- Born: Sandwip, Bengal Subah, Mughal Empire
- Died: 1767 Sandwip, Bengal Presidency
- Known for: Rebellion
- Father: Muhammad Raja Khan

= Chowdhury Abu Torab Khan =

18th-century Bengali landowner and rebel

Chowdhury Abu Torab Khan (চৌধুরী আবু তোরাব খাঁ), better known simply as Abu Torab (আবু তোরাব), was an 18th-century Bengali Zamindar from Sandwip, an island in present-day Bangladesh. His hegemony later extended to islands of Hatiya and Bamni. He is best known as the leader of Bengal's first rebellion against the British East India Company. He had strong support from the local peasantry, and is regarded as a hero in the history of Bengal.
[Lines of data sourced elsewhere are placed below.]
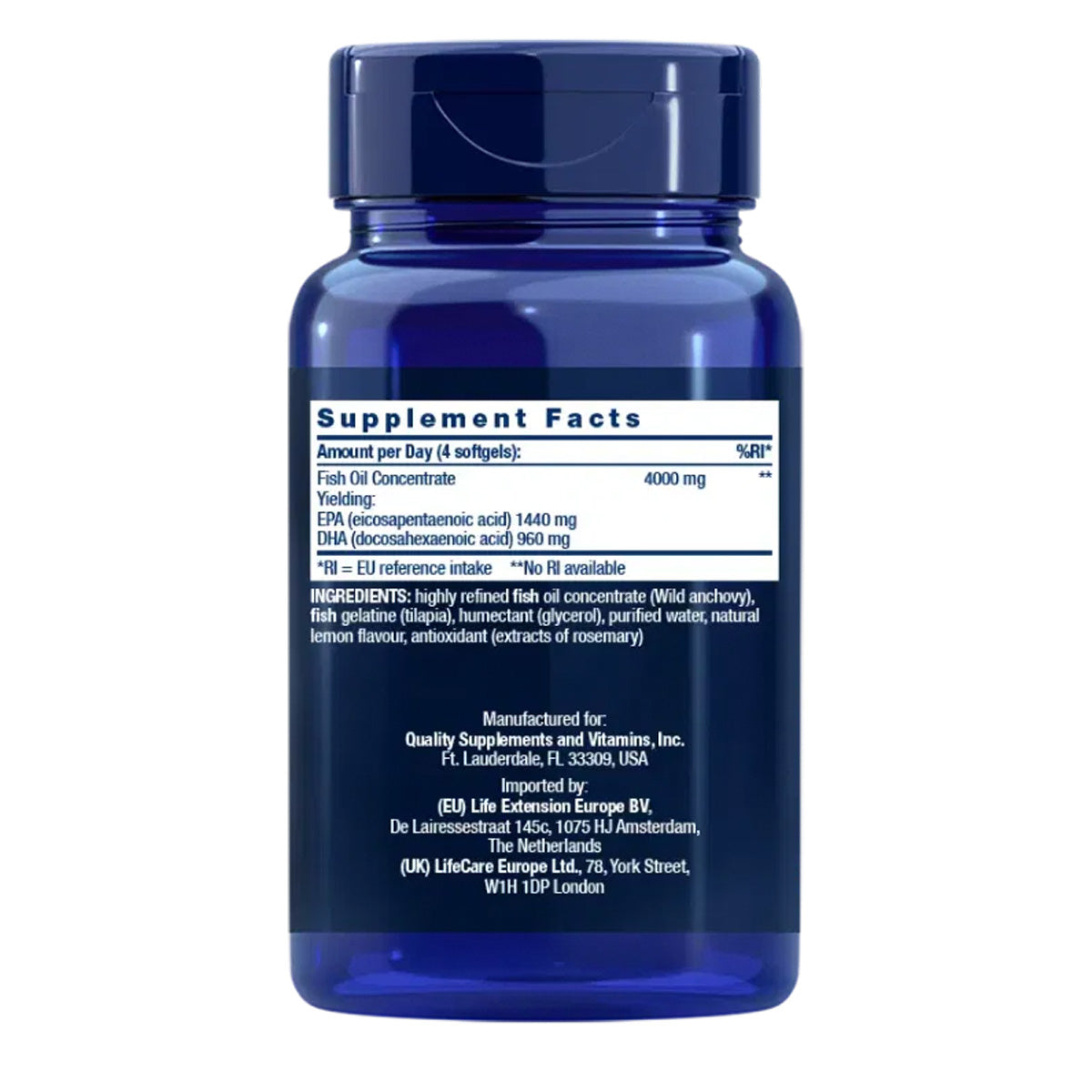 Mega EPA/DHA, Life Extension 120 kapslar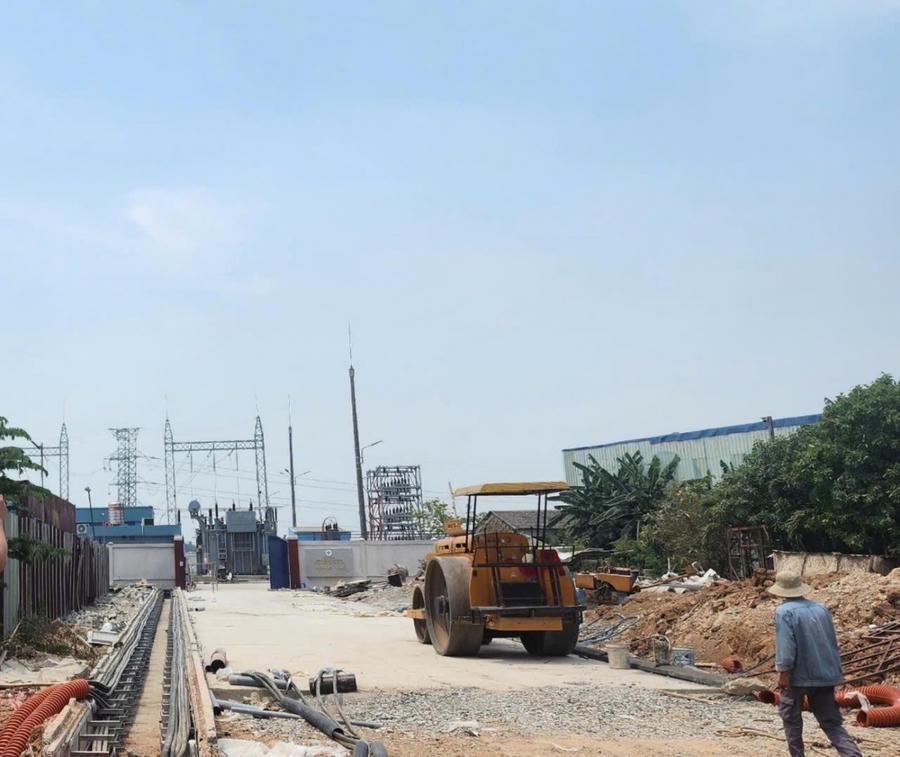 Khu vực xây dựng trạm biến áp 110kv.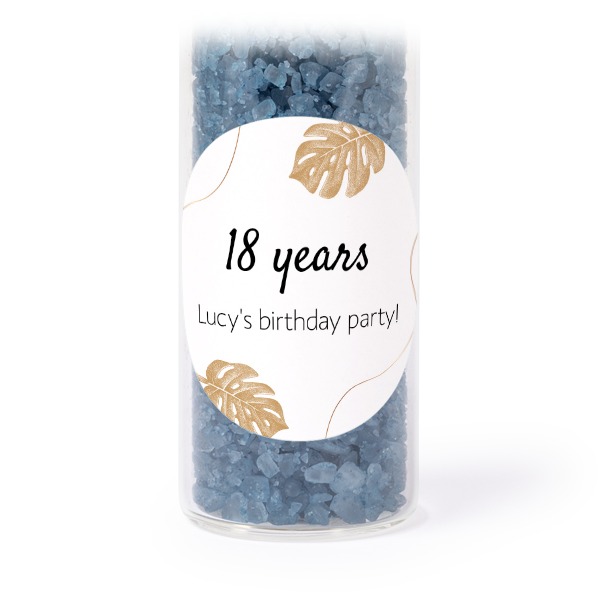 Glass tubes with round stickers & blue bath salt - set of 12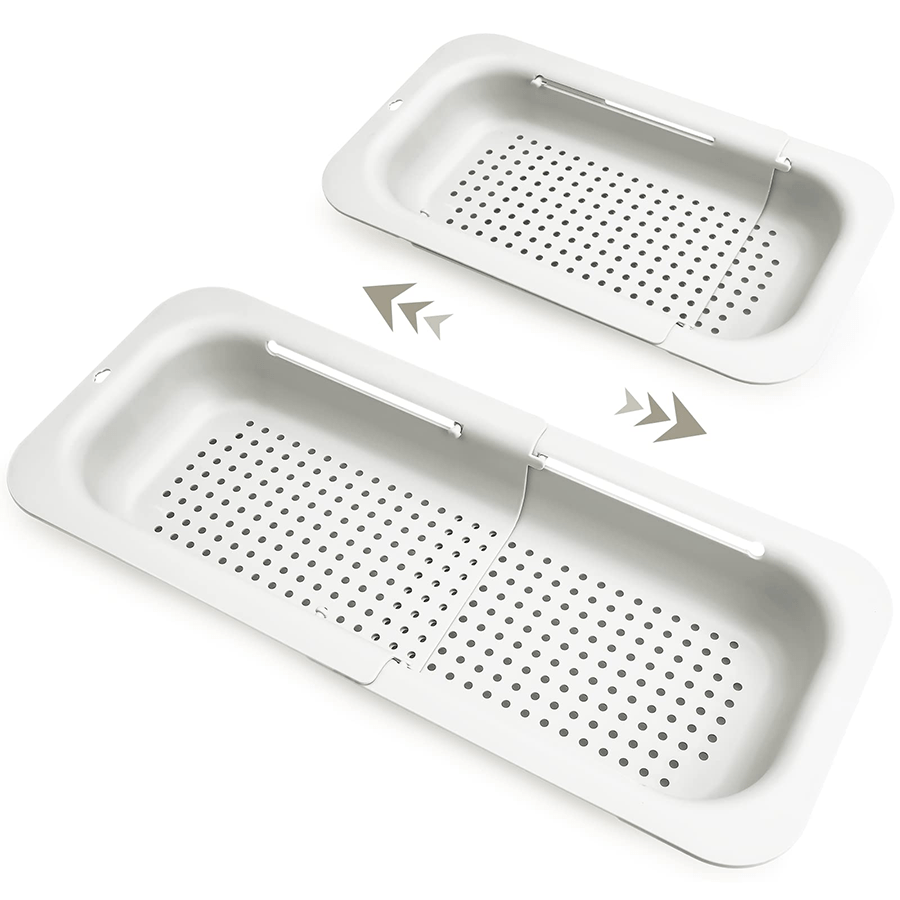 Extendable Collapsible Sink Colander and Strainer for Fruits and Vegetables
==Early life and background==
Abu Torab was born into a wealthy Bengali Muslim Zamindar family in Sandwip, Bengal Subah during the Mughal period. His father was Muhammad Raja, the son of Junud Khan, the son of Chand Khan. Chand Khan was the husband of Musabibi, a powerful noblewoman and the eldest daughter of Dilal Khan, the last independent ruler of Sandwip defeated by Mughal imperialism. He succeeded Dilal Khan as the leader of Sandwip.

==Career==
Torab's palace was situated in the village of Harishpur, on the western coast of Sandwip. According to British sources, he developed a notable contingent of 1500 armed slaves, each of whom he provided a house for, although native sources claim this is not true. Abu Torab overpowered all the local Zamindars (landowners) in his area and these smaller Zamindars aided him in the battle against Gokul Ghoshal. Ghoshal was the founder of Kidderpore's Bhukailas dynasty and was the clerk of Harry Verelst, the first British governor of Chittagong. At Ghoshal's suggestion, Verelst colonised Sandwip in 1763 and replaced the Mughal wadadar Ozakur Mal with Goshal. One of his loyal employees Vishnucharan Basu took the role as the first Wadadar in British Sandwip. At that time Ram Kishore Badujej was appointed as Basu's deputy. Abu Torab Chowdhury could not accept Gokul Ghoshal's authority, who had come to Sandwip to collect revenue on behalf of the East India Company between 1763 and 1764. Abu Torab readied his defence as soon as Ram Kishore set foot in Sandwip.

=== Rebellion ===
The aftermath of the Battle of Plassey in 1757 marked the start of colonial control in Bengal. Exactly 10 years following this event in 1767, Abu Torab gathered the people of Sandwip and rebelled against the colonial governors in Chittagong and their native allies such as Gokul Ghoshal. Abu Torab refrained from depositing revenue and instructed his general Malkam Singh to expel Ghoshal's representatives from Sandwip. A group of Company soldiers came from Chittagong and Lakshmipur to fight Abu Torab and his general. In the face of resistance and pressure, the representatives were forced to leave Sandwip within a few days.

== Death and legacy ==
Eventually, six Company troops led by Captain Nollekins and a few other generals, crossed the river and reached Sandwip in the middle of 1767. A fierce battle took place between Captain Nollekins' forces and Abu Torab's forces at Qillabari (Fort-house), not far from Char Ani Hat, a little north of the town of Sandwip. Abu Torab was killed in this battle as a result of treachery from one of his close relatives who had leaked his war strategy to the British Company. His armed slave contingent is the ancestors of the current Golam class in Sandwip.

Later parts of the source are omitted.